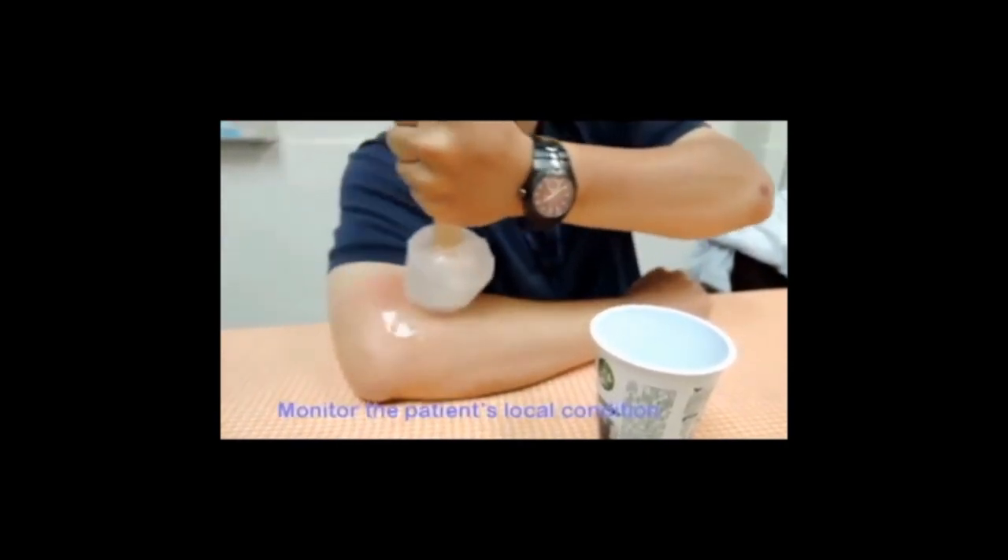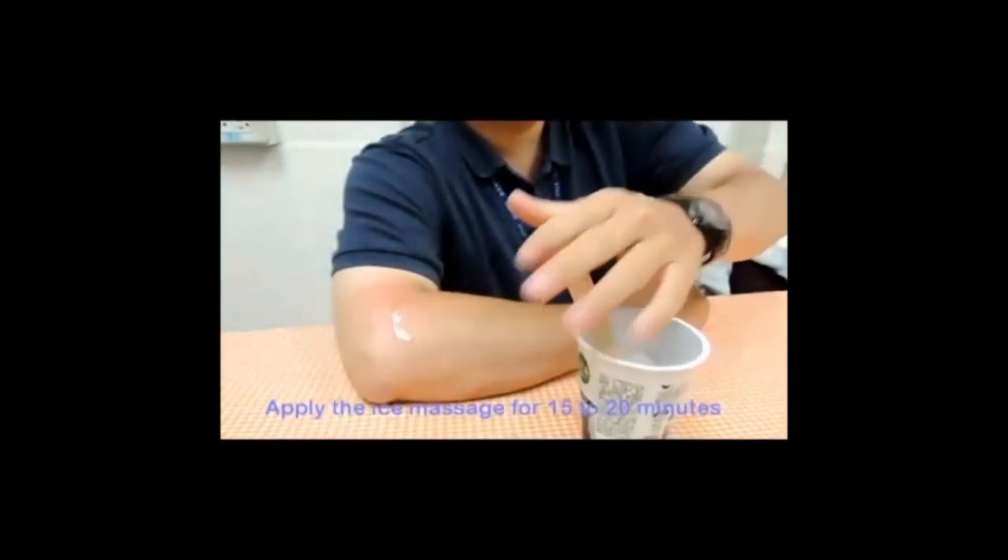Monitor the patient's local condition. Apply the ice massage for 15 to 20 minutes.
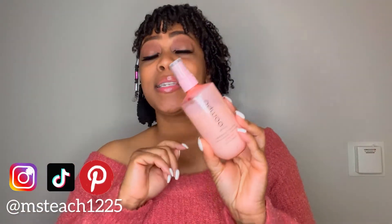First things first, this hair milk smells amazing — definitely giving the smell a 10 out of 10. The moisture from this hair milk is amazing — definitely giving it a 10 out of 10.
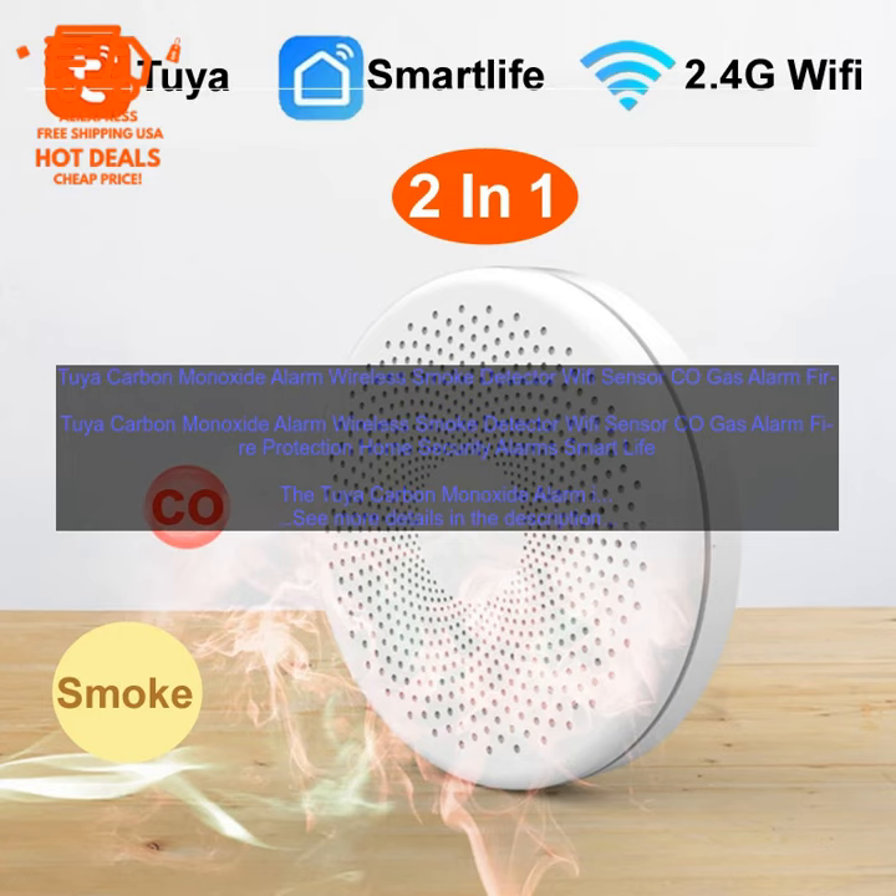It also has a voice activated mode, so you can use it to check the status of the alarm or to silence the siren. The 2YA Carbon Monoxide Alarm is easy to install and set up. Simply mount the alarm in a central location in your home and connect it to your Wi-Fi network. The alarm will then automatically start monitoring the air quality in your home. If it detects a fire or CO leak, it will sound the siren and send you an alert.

> Assignment: From the very first line of the listing above through the line that holds "First things first, this", write out each line exactly as it stands, leaving pictures out.

> Written reply:
Monitor the patient's local condition. Apply the ice massage for 15 to 20 minutes.
First things first, this hair milk smells amazing — definitely giving the smell a 10 out of 10. The moisture from this hair milk is amazing — definitely giving it a 10 out of 10.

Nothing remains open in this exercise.